* Problem details: Shown below is a listing with pictures; reproduce exactly, and only, the lines between the ones containing "KS ĽALIA BIELA 80CM" and "radiografie caine, calculi", inclusive, leaving the pictures out.

* Data extracts:
+---+
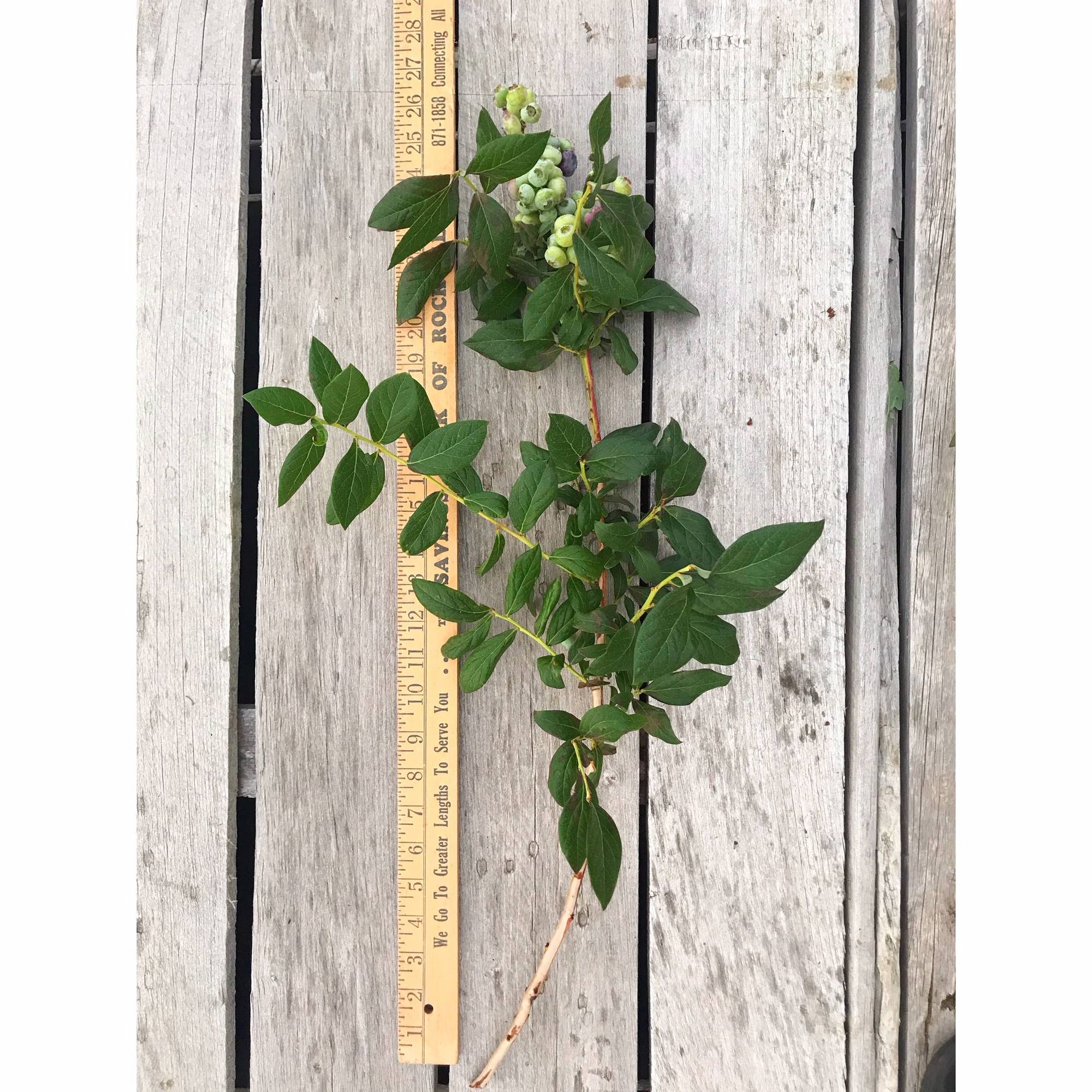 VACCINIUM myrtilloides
+---+
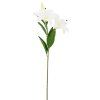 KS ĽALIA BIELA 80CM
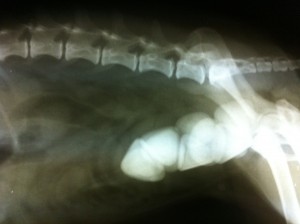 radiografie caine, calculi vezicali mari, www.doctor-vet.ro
+---+
* Exercise output:
 KS ĽALIA BIELA 80CM
 radiografie caine, calculi vezicali mari, www.doctor-vet.ro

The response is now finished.